In a subsequent order, the district court granted Chevron's motion for Chase's partial indemnification of the judgment. That order has been reviewed in a related appeal. Hull v. Chevron, 812 F.2d 590 (10th Cir.1987)
The issue arose after the court granted Chase's motion in limine to prevent this line of questioning. Chevron moved for reconsideration
In supplemental authority, Chevron cites Noonan v. Texaco, Inc., 713 P.2d 160 (Wyo.1986), for the proposition that a determination of whether an independent contractor relationship exists is a question of fact and depends on whether an employer has the right to control the details of the work on which liability is sought to be established. However, it is the application of this very principle that makes the introduction of this evidence cumulative
Quizzically, during oral argument in this appeal, Chevron's attorney stated that Chase's change of position was not grounds for a mistrial while confirming it did not request a continuance or other relief. Neither Chase nor Chevron asked the court to modify the pretrial order
In Sherman v. Platte County, 642 P.2d at 787, the plaintiff slipped and fell on ice accumulated in the parking lot of the sheriff's office where she had gone to purchase license plates
Jones v. Chevron U.S.A., Inc., 718 P.2d 890 (Wyo.1986), later noted that Sherman's broad statement of the obvious danger rule does not survive the enactment of Wyoming's law of comparative negligence
Kevin Noonan was killed while working on an oil rig owned by Texaco, Inc. His personal representative sued Texaco, the driller, and others involved in the manufacture of some of the equipment on the rig. Summary judgment was upheld for Texaco upon the court's finding no genuine issue of material fact existed as to the relationship between Texaco and the driller. In a vigorous dissent, Justice Rose followed our decision in Holdaway v. Amoco Production Co., 751 F.2d 1129 (10th Cir.1984), and argued that controverted factual issues made summary judgment inappropriate. Holdaway was criticized in Noonan for incorrectly applying the law of Wyoming. (Thomas, C.J., specially concurring)

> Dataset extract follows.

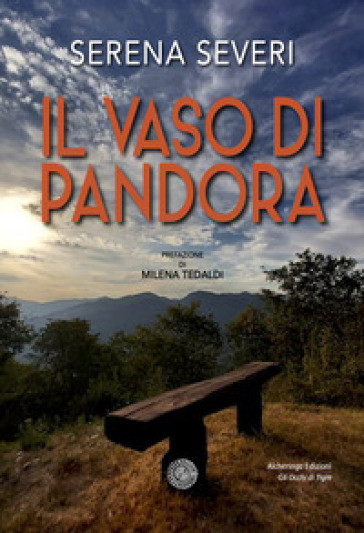 Il vaso di Pandora - Serena Severi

Jones was later limited to cases in which only ordinary negligence, not gross negligence, is present. Burton v. Fisher Controls Co., 723 P.2d 1214, 1219 (Wyo.1986)
30 C.F.R. Sec. 221.18 provided:
The lessee shall comply with the terms of the lease, and of the regulations in this part and any amendments thereof, and with the written instructions of the supervisor, shall take all reasonable precautions to prevent waste, damage to formations or deposits containing oil, gas or water, or to coal measures or other mineral deposits, and injury to life or property and before drilling or other operations are started shall have submitted a satisfactory bond.
30 C.F.R. Sec. 221.37 provided:
The lessee shall carry on all operations and maintain the property at all times in a safe and workmanlike manner, having due regard for the preservation and the conservation of the property and for the health and safety of employees. The lessee shall take reasonable steps to prevent and shall remove accumulations of oil or other materials deemed to be fire hazards from the vicinity of well locations and lease tanks, and shall remove from the property or store in orderly manner all scrap or other materials not used.